Last night, my wife was feeling a little bit concerned about the health of our impending child, so we headed off to the hospital to run some tests. We go into a triage room, get hooked up to a monitor, and sit there for 30 minutes. Turns out there’s nothing wrong and it’s all good.
While I was there, I noticed the Dell sitting on the counter with the matching Dell display, blipping our baby’s heart rate along the screen. For 30 minutes we were alone, and then the door opens.
“Hey there, you’re all good, baby looks great,” says the nurse. She hadn’t even looked at the monitor yet, so I wasn’t sure how she knew how my wife was doing, and then I remembered something that our OBGYN told us.
“We have access to all of the hospital’s servers, so we can monitor you from home, that way I can just walk in when I see the baby is coming soon.”
Which brings me to this whole Unicorn Tablet deal.
I’ve been trying to ignore this post all week from Jason Wilk at Tiny Comb about the Unicorn Tablet being pitched to doctors at a hospital in LA. First, there’s how he discovered this information:
[What’s my intel? My Dad plays golf with Cedas-Sanai hospital execs, who say they have been getting frequent visits from Apple about a new device in the last 6 weeks].
Ah, the classic “my brother’s cousin’s dog sitter knows” explanation. I’m not doubting the veracity of his father’s statement, but it does lean towards the realm of improbability. Here’s why.
First, I have absolutely zero doubt that Apple wants doctors to use the Unicorn Tablet. After all, doctors already use tablets for work, they just have PC versions because up until Apple releases one, that’s their only option. The problem though is breaking through the Windows wall in the healthcare industry. They have servers, medical files, spreadsheets and everything else all done in what’s most likely a proprietary system, which makes putting an Apple product in the mix that much more difficult.
Then there’s the NDA issue. Apple is famous for non-disclosure agreements, and I’d think that if Apple sent off people to Cedars-Sinai all month, then they’d have certainly signed NDAs to protect the info. Sure, people might be tipsy on the golf course and maybe a little bit slipped out, but what’s the chance it slips out to the guy who’s kid writes for a tech news blog? And even if it does, what’s the chance that these execs are the people who are talking to Apple about how to make it work? I’d think that Apple would talk to the doctors themselves, since they’re the ones who would use this device on a daily basis.

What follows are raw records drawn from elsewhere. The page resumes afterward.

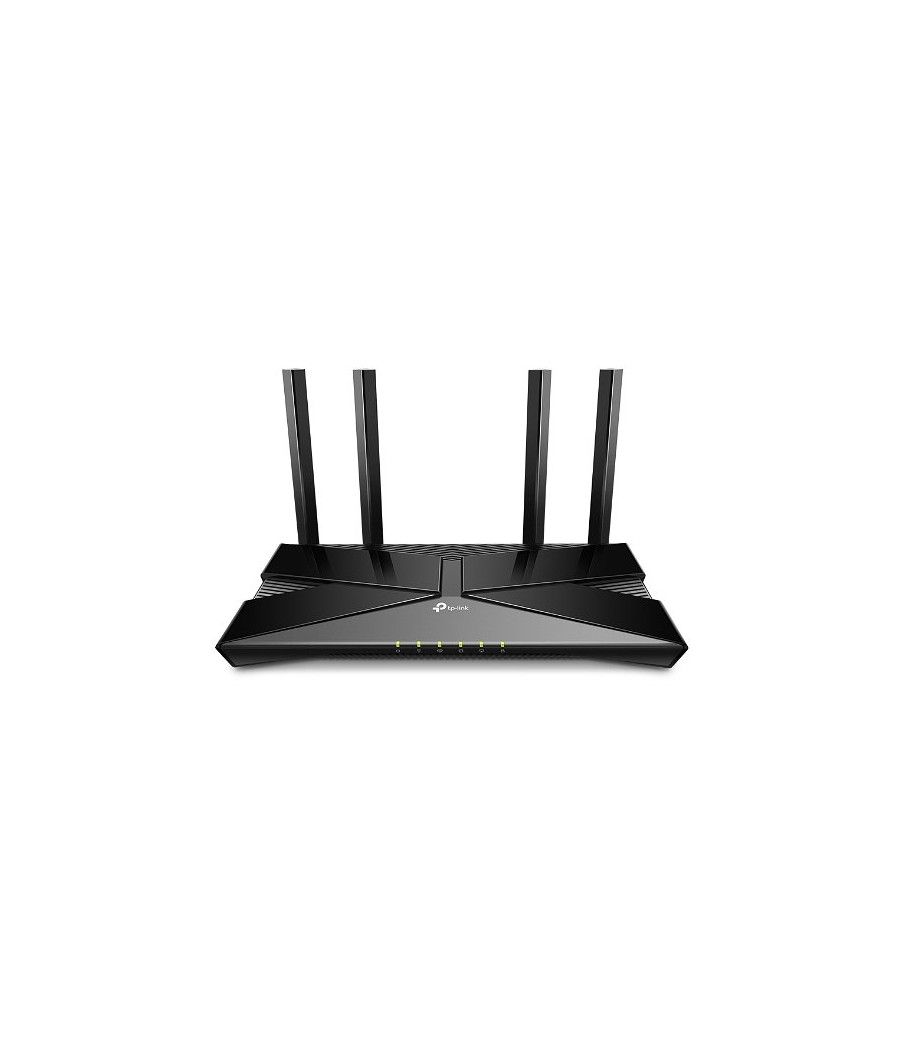 ROUTER TP-LINK DUAL BAND WIFI 6 - Imagen 10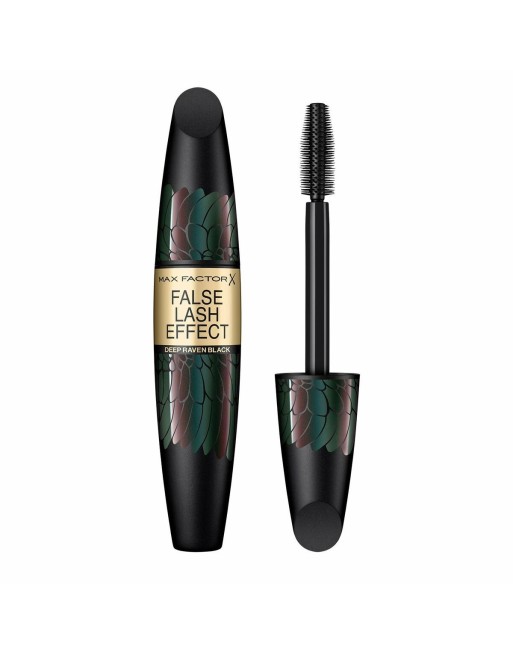 Wimperntusche Max Factor False Lash Effect Deep Raven Black 13,1 ml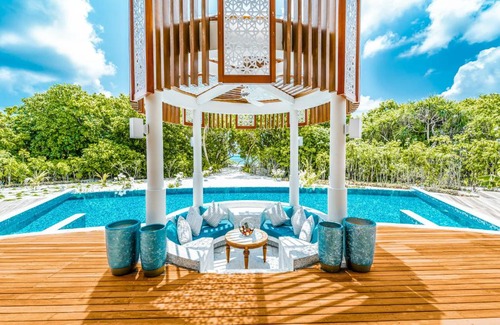 Dhonakulhi Complejo | The Signature Collection by Hideaway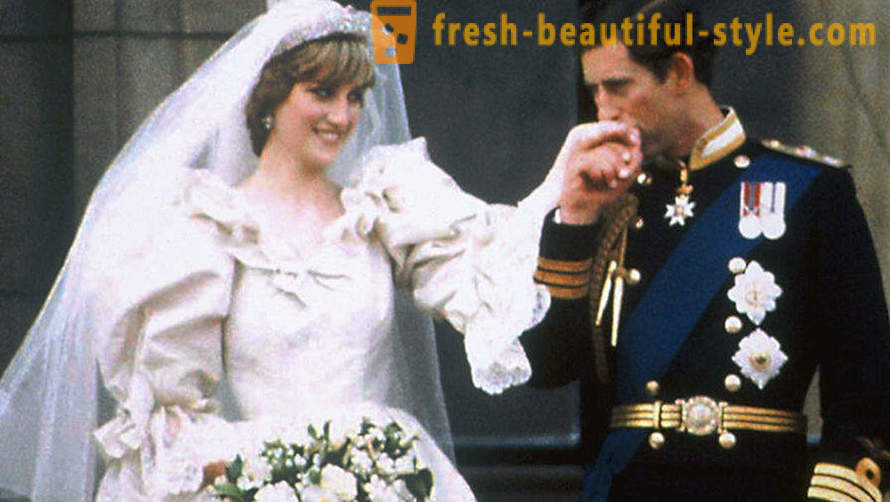 Prinsesse Diana ville ha slått 55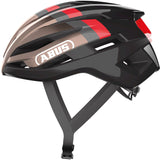 Abus Helm StGoudmChaser metallic copper M 54-58cm - afbeelding 1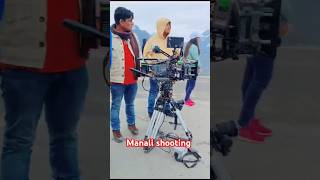 #music #love #travel Manali Himachal Pradesh shooting vlog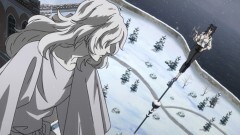 第25話　静寂と惰眠と絶望の物語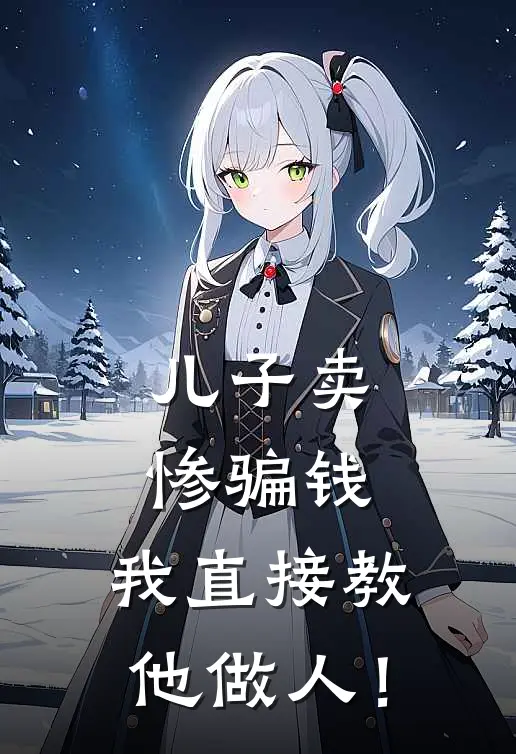 儿子卖惨骗钱，我直接教他做人！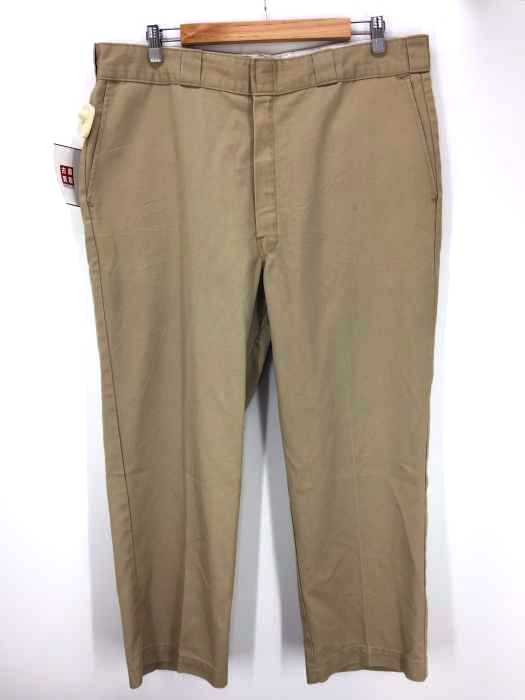 Dickies(ディッキーズ) USA製オールド ワーク チノ パンツ メンズ パンツ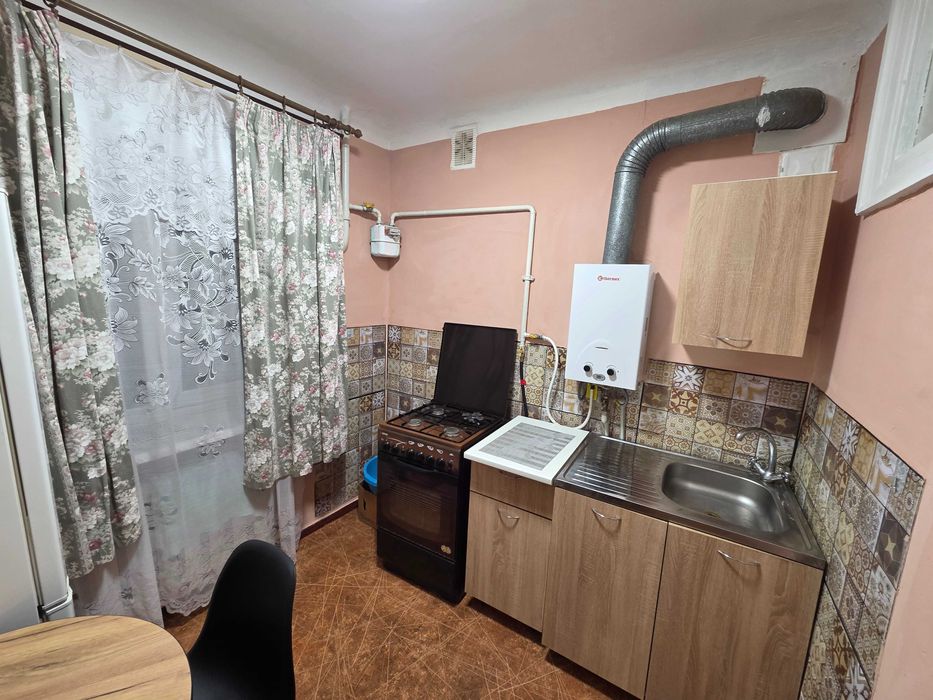 Продам 2х комнатная с ремонтом ул. Криворожская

There’s one other thing that nags at me about this concept. When talking about Blu-Ray on the Mac, Steve Jobs called it a “bag of hurt.” If Blu-Ray is a pain in the ass, then the healthcare system is better?
Ultimately, as I’ve said before, this is all conjecture for the next 13 days until we all tune in for the rumored Apple event on January 27th and Steve walks out with the mythical Unicorn Tablet. Until that happens, I’m taking it all with a grain of sale.